Malgré toutes les possibilités entrevues par Mme Roots et moi, peu de résidents de la Colombie-Britannique – et d’ailleurs au Canada – ont accès à la téléphysiothérapie, cette pratique ne s’étant implantée qu’à quelques rares endroits au pays. Or à l’heure où la télésanté prend d’assaut d’autres champs de la médecine, la question se pose : toute la population, surtout en région rurale ou éloignée, devrait-elle avoir accès à la téléphysiothérapie? Je traiterai dans le présent article de l’explosion de la télésanté au Canada, des données probantes sur l’efficacité potentielle de la téléphysiothérapie dans le nord de la Colombie-Britannique et d’autres régions canadiennes similaires, des obstacles à l’adoption massive de cette pratique et des mesures à prendre pour élaborer un nouveau modèle.

 

L’explosion de la télésanté

Le concept de télésanté, soit la prestation de services de santé à distance, ne date pas d’hier.
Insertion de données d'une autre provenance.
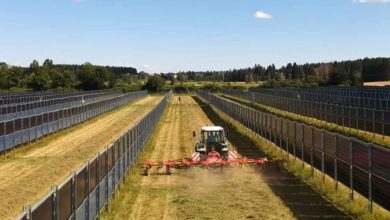 Les panneaux solaires verticaux sont conçus spécifiquement pour allier production d'énergie et agriculture.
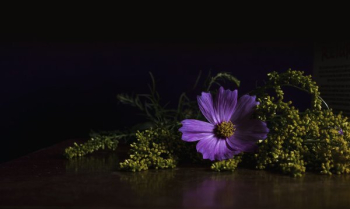 Bright Purple Flower Bright Purple Flower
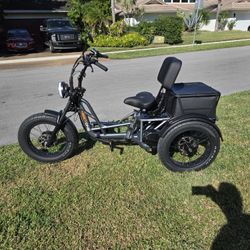 Meetone Dual Motor trike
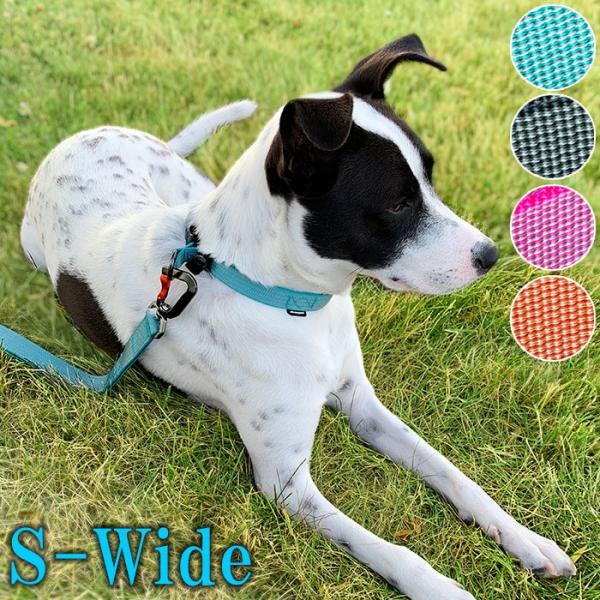 p ^ ^  Sleepypod Locking Martingale Collar X[s[|bh bLO}[`Q[J[ S-WideTCY 1.9cm 28?38cm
En fait, il remonte peut-être au début du 20e siècle, alors que le pasteur John Flynn, missionnaire dans la brousse australienne, utilisait une radio alimentée par des pédales de vélo pour transmettre en morse les instructions de médecins à 1 500 km de distance. Les nouvelles technologies, surtout la vidéoconférence, permettent aujourd’hui l’application à grande échelle de ce concept.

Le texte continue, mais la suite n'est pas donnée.